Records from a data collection
----

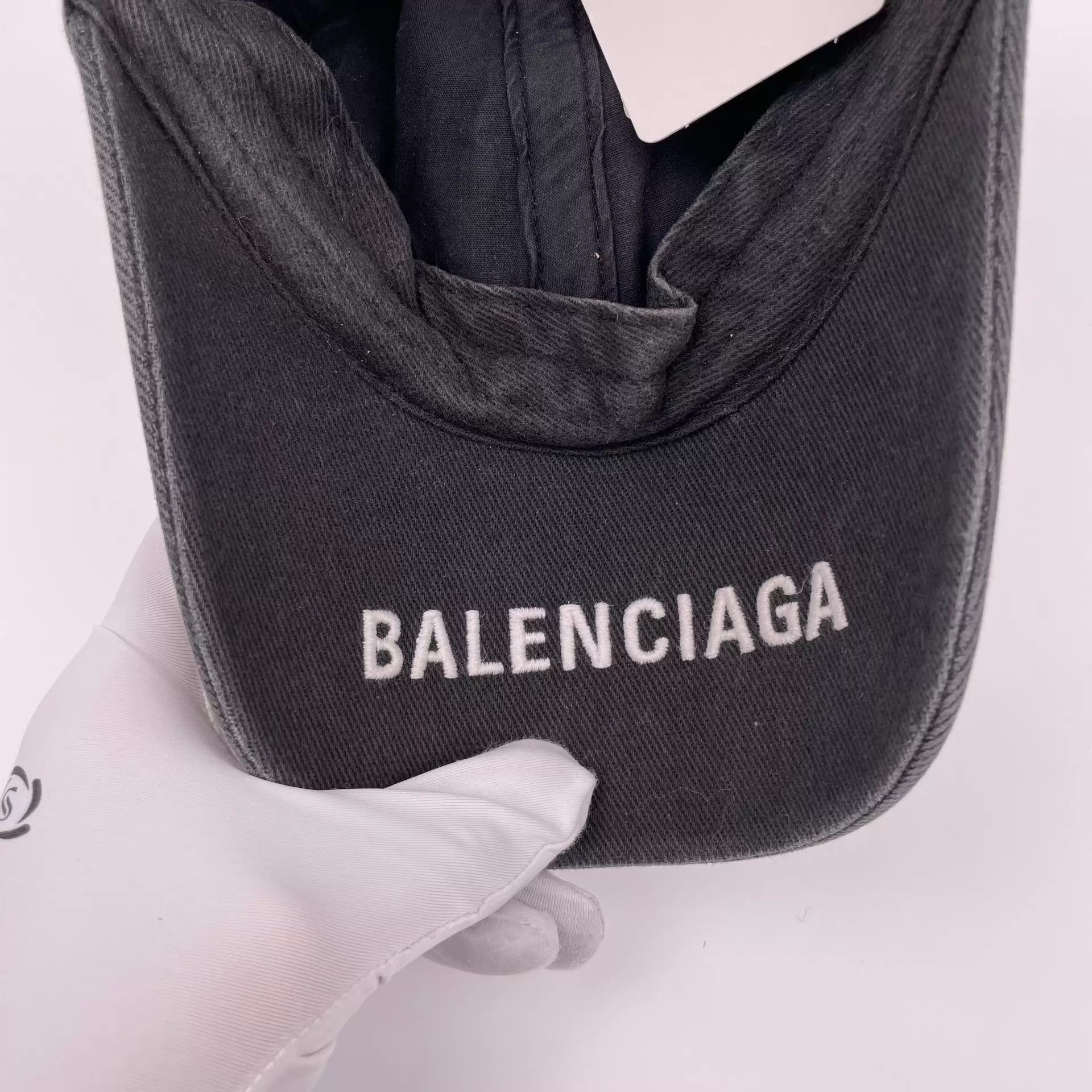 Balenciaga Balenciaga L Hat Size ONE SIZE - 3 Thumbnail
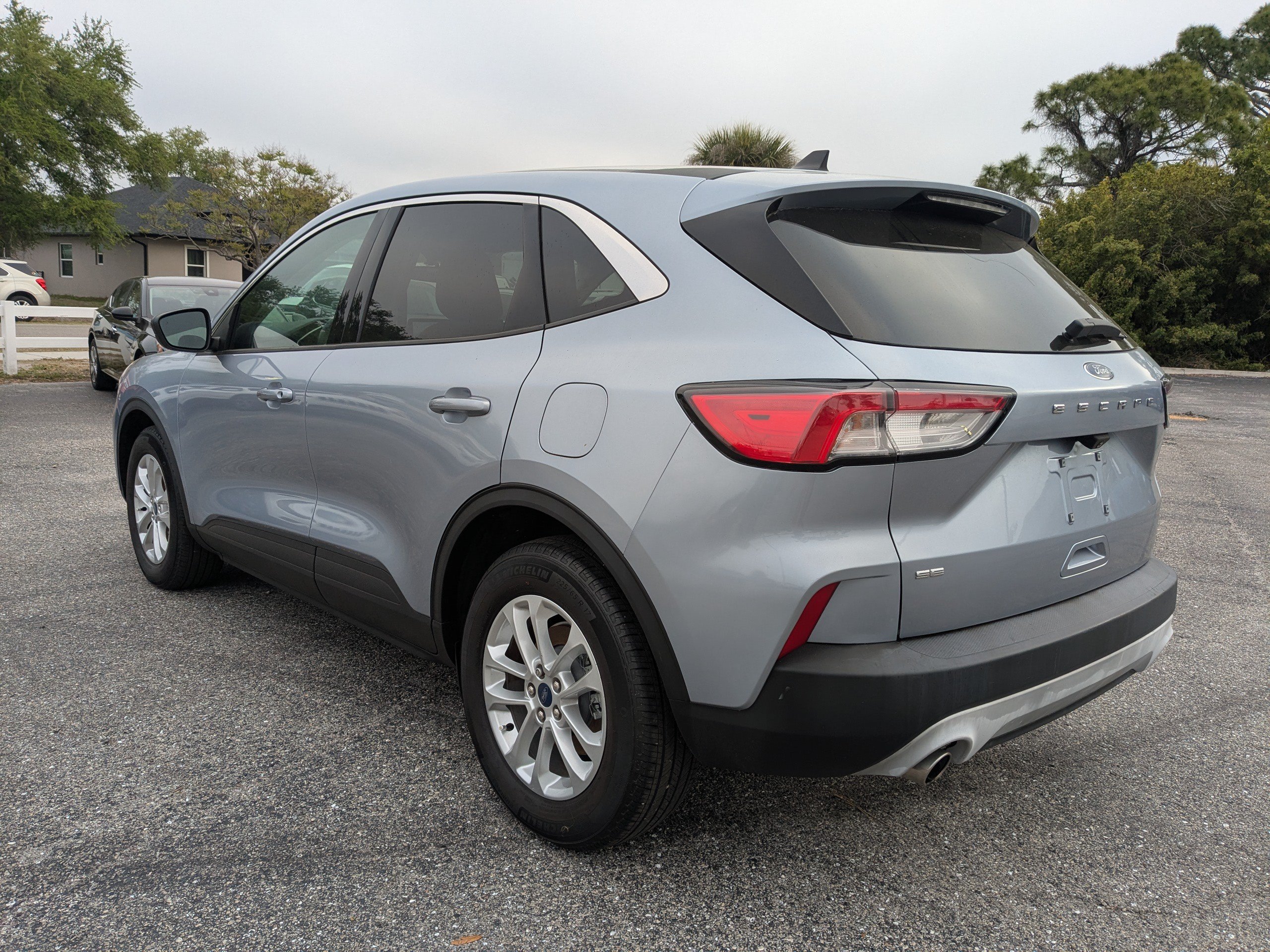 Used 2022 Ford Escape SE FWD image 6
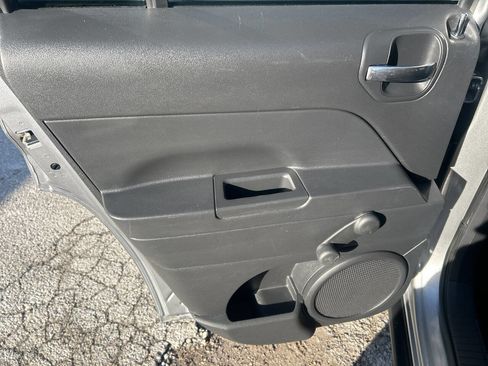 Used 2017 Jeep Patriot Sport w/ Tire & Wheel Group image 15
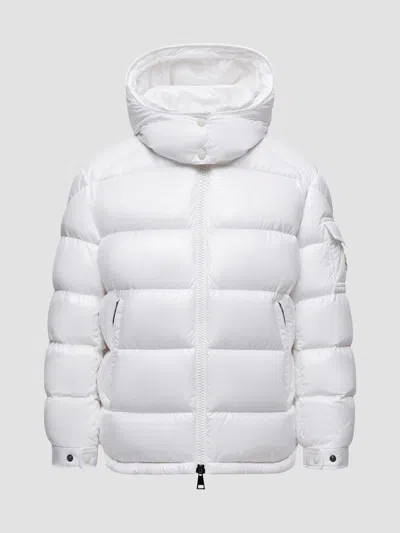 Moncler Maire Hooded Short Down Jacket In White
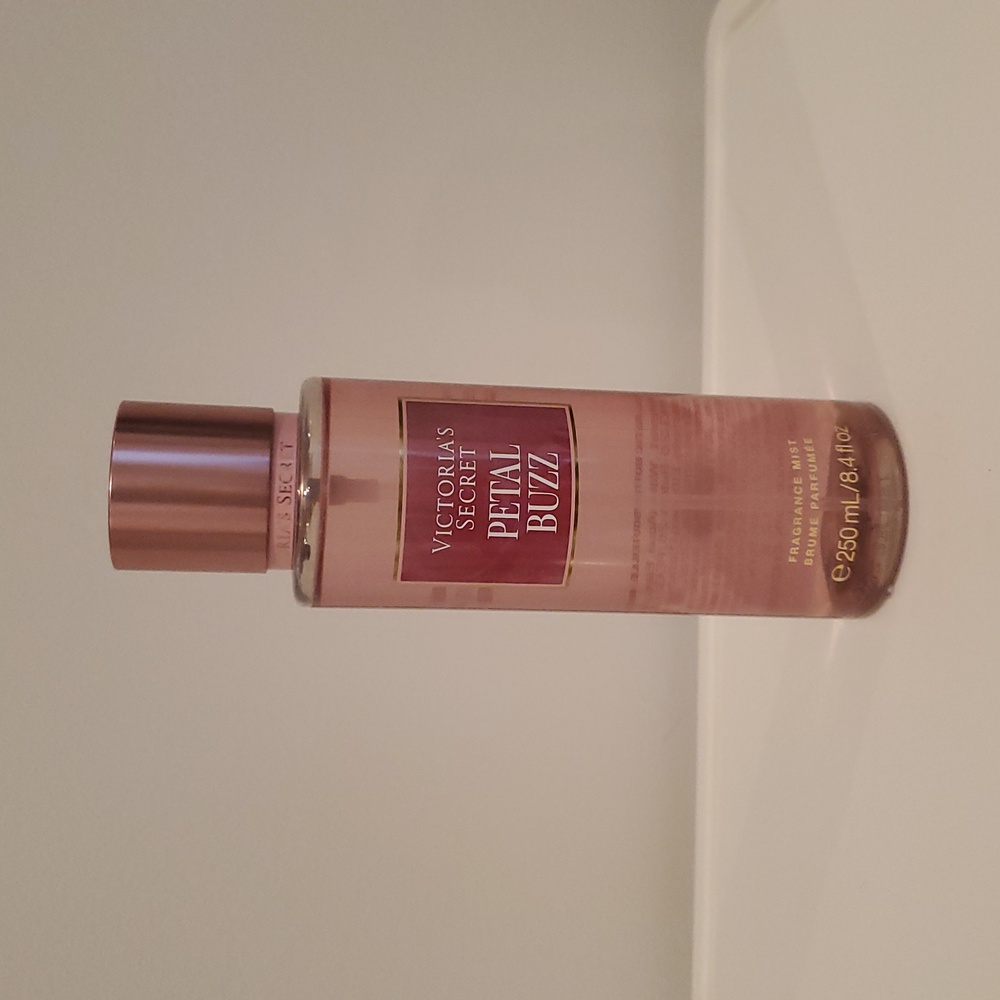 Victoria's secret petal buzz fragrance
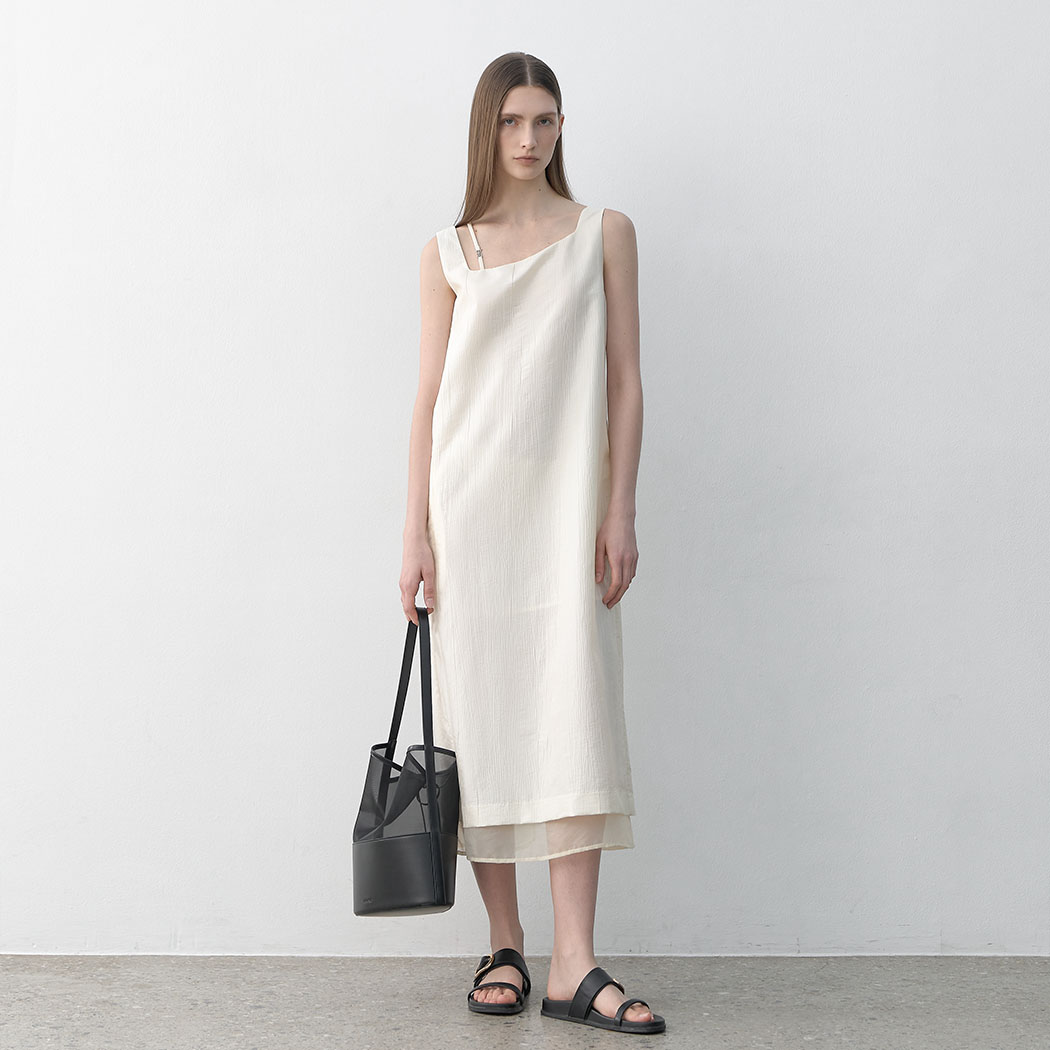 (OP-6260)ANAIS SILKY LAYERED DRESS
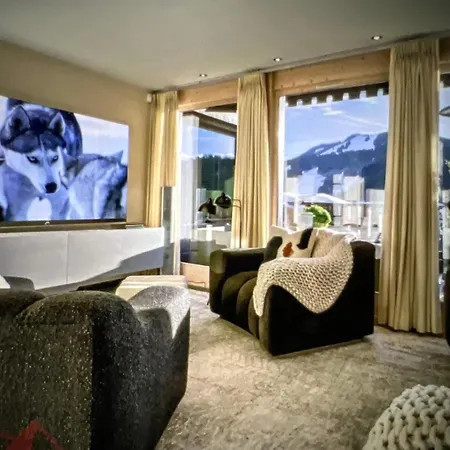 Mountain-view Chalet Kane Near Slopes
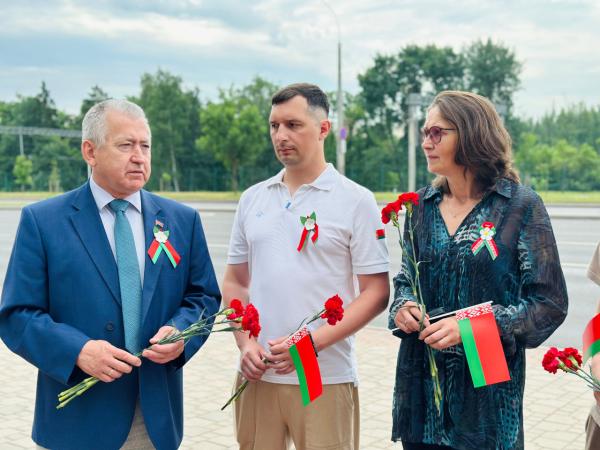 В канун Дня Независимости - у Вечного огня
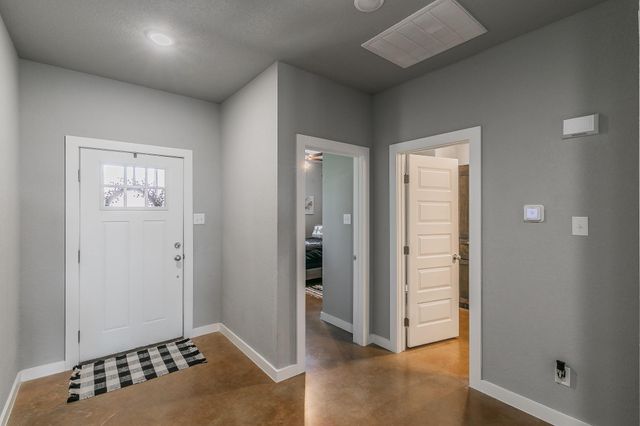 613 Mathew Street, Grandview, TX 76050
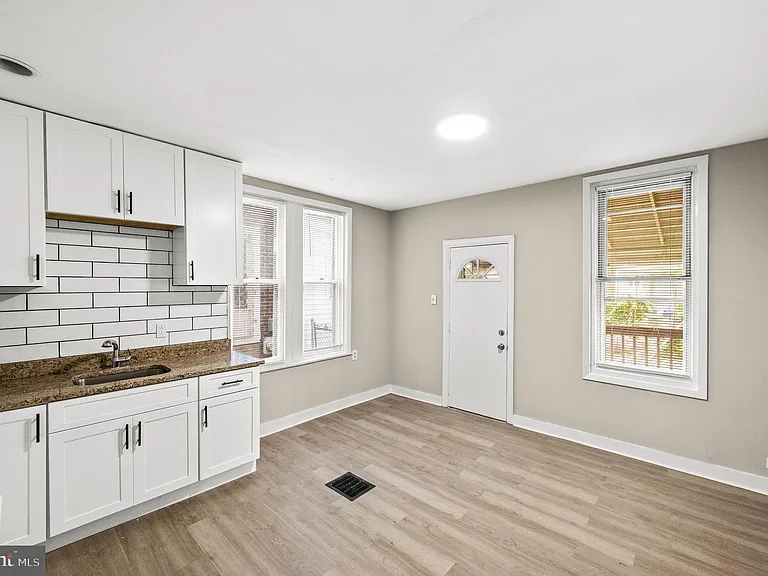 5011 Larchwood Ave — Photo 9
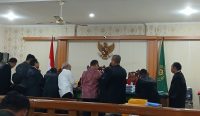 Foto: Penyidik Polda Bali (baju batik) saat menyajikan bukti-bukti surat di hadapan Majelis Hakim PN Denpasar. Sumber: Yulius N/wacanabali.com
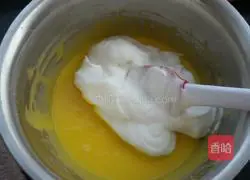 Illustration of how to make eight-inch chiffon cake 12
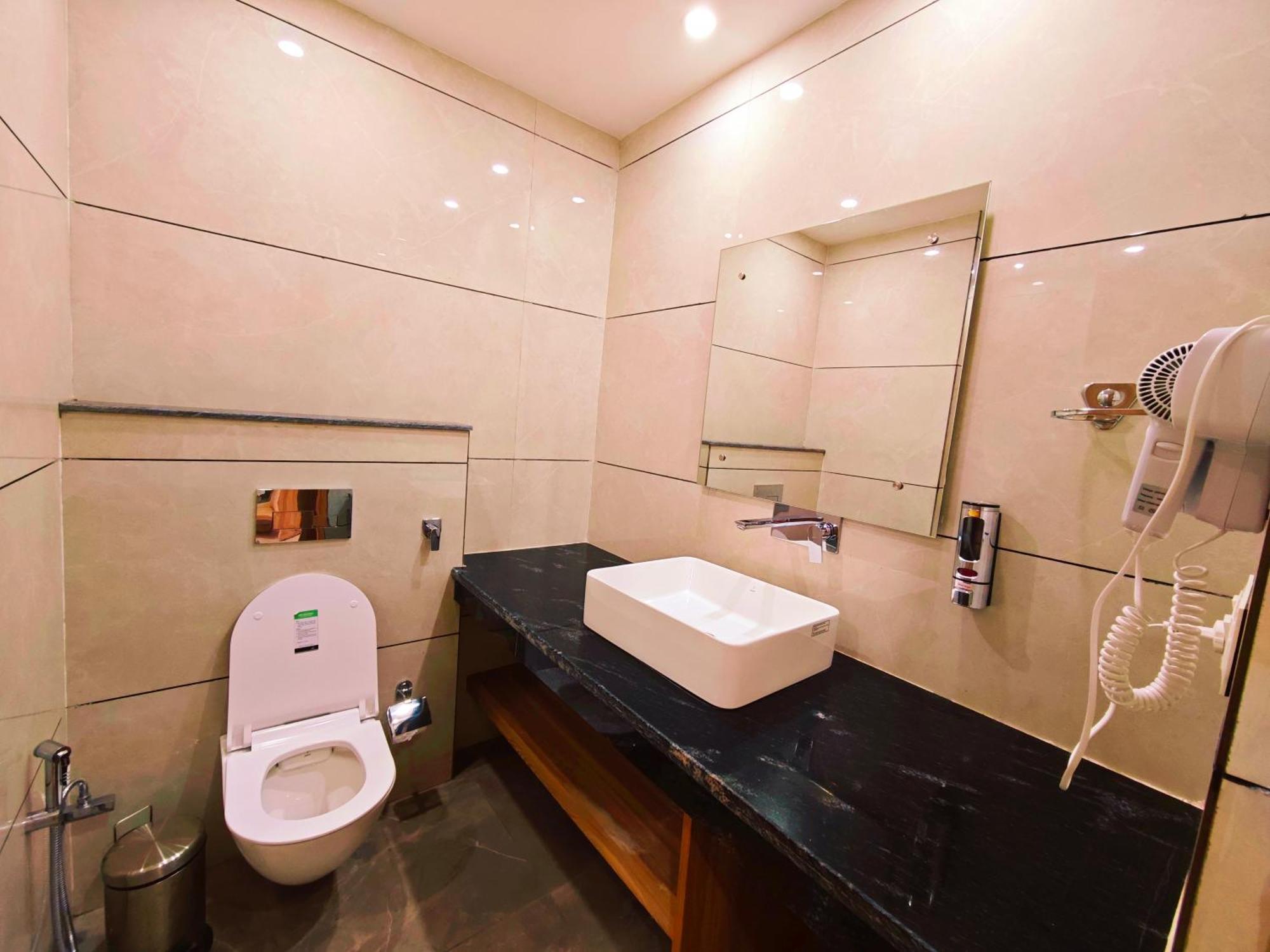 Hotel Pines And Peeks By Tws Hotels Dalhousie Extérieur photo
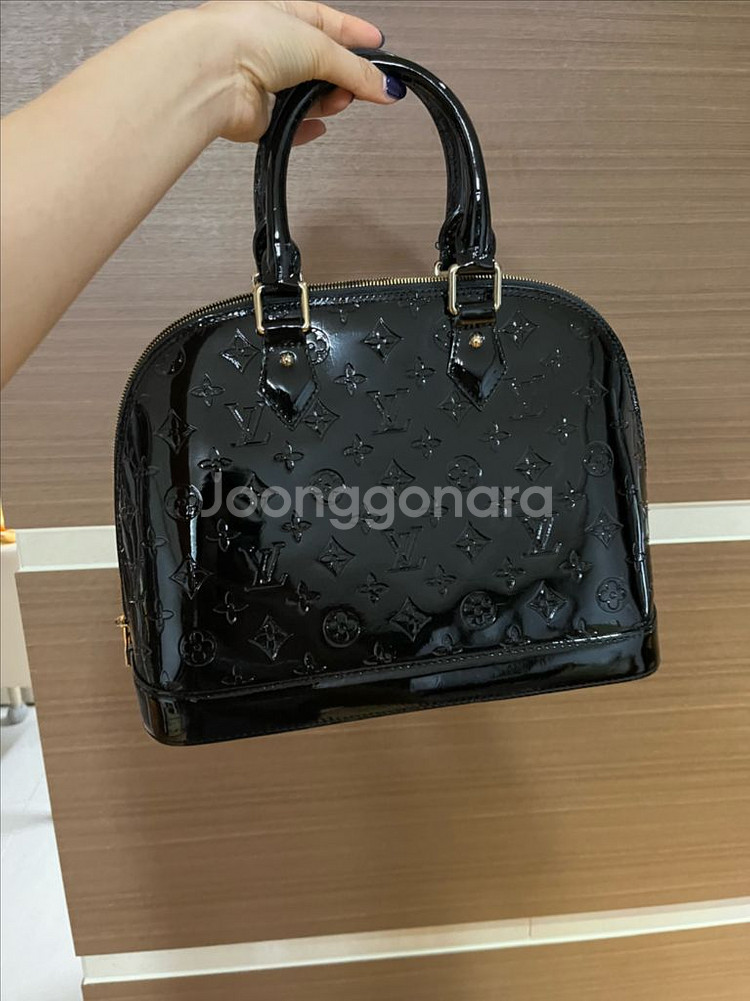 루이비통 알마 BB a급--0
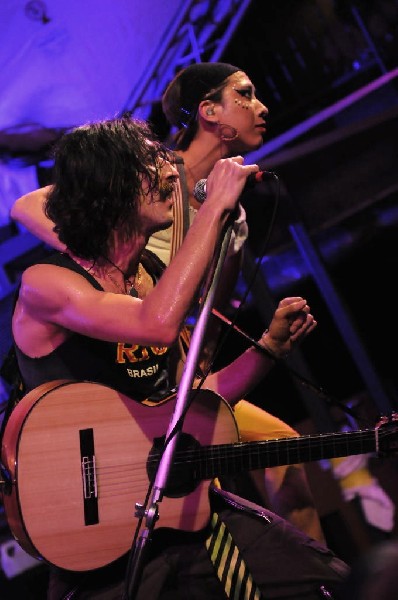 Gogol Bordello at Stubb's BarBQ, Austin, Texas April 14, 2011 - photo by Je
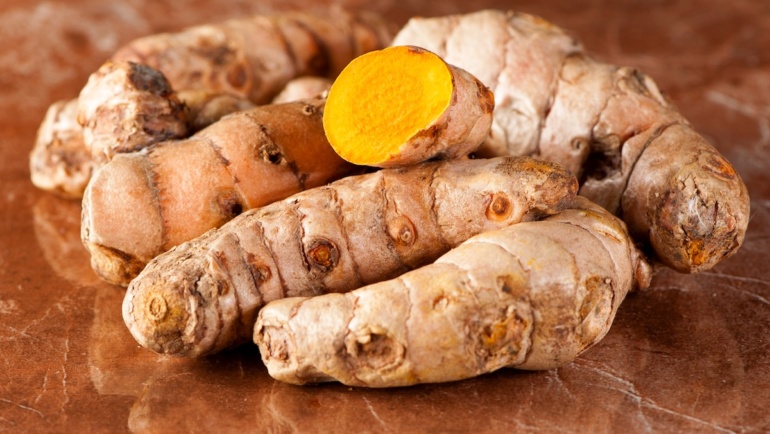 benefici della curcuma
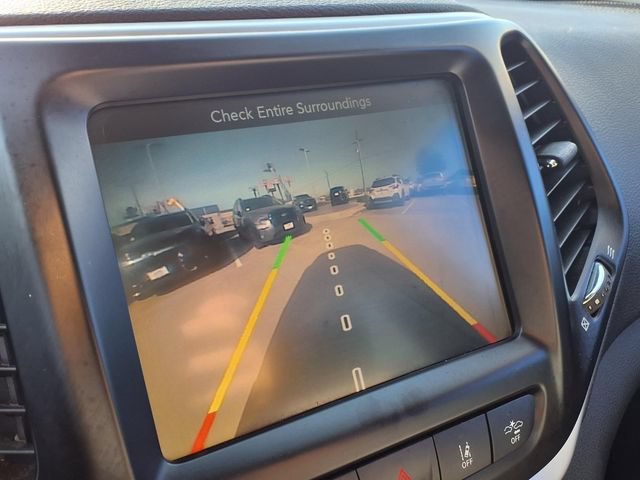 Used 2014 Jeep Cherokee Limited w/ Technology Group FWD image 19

----

Please return only the lines running from the line with "613 Mathew Street, Grandview, TX 76050" to the final line of the data, both included, exactly and without any pictures.

 613 Mathew Street, Grandview, TX 76050
 5011 Larchwood Ave — Photo 9
 Foto: Penyidik Polda Bali (baju batik) saat menyajikan bukti-bukti surat di hadapan Majelis Hakim PN Denpasar. Sumber: Yulius N/wacanabali.com
 Illustration of how to make eight-inch chiffon cake 12
 Hotel Pines And Peeks By Tws Hotels Dalhousie Extérieur photo
 루이비통 알마 BB a급--0
 Gogol Bordello at Stubb's BarBQ, Austin, Texas April 14, 2011 - photo by Je
 benefici della curcuma
 Used 2014 Jeep Cherokee Limited w/ Technology Group FWD image 19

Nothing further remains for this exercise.